Imagine the scene: after centuries of scientific progress, after two world wars, and in the midst of the Cold War, the world's gone mad. Or at least, the people who run it have. They're suffering from a kind of institutionalised irrationality and paranoia, and basic rules of logic and common sense have been suspended - only to be replaced by an immovable faith in the unseen.

This may appear an unlikely premise for a book labelled a short history, and which lays great emphasis on the meticulous research of facts. But Francis Wheen's victory in this cogent and compelling diatribe, published last year to some acclaim, is the conviction with which this seemingly eccentric view is initially stated, and the breadth of evidence which is then drawn upon in support of it. Modern delusions, or mumbo-jumbo, are in his view the ambassadors of a highly dangerous movement - one that has abandoned the values of the Enlightenment and come to dominate recent public life in the West. 'The sleep of reason' as he puts it, referring to Goya's famous capricho, 'brings forth monsters'.

And so does Wheen. The first two are Margaret Thatcher and the fundamentalist cleric Ayatollah Ruhollah Khomeini, whose return to Iran as Supreme Leader in 1979, after 14 years of exile, was followed swiftly by the election of Mrs Thatcher's government in Britain. Thus were the Orient and the Occident both colonised by the clueless in what Wheen labels 'the voodoo revolution'. Thatcher would have Britain return to 'Victorian values'; Khomeini would restore Iran to its heyday of some 1300 hundred years ago. Both actively sought to return their dominions to supposed past glories; both justified their wish to do so through appeal to nothing more solid than pure wind.

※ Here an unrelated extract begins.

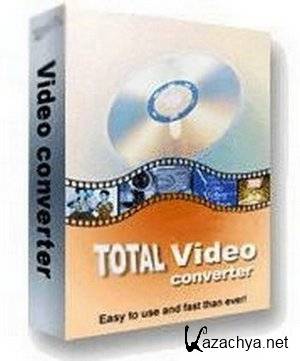 E.M. Total Video Converter HD 3.71 RePack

From this point in history - which is presented as if it were of absolute centrality to the health of mankind - Wheen swoops through the next two decades, bringing forth monster after monster, only to lash each one in turn with his relentlessly rational pen. Here we are in Reagan's America, where economists Milton Friedman and Friedrich von Hayek have convinced the president of the need for, and efficacy of, anti-Keynesian 'supply-side' economics, despite the country's conversion from the largest creditor in the world to the largest debtor during Reagan's reign. Here we are at the end of the 1980s, when two barely known academics Paul Kennedy and Francis Fukuyama suddenly make personal fortunes because of their novel predictions of the end of history, feeding a swelling public appetite for imminent apocalypse. Here we are a decade later, when England football coach Glenn Hoddle is forced to resign after asserting his belief that people with disabilities are paying off the bad karma they built up in previous incarnations.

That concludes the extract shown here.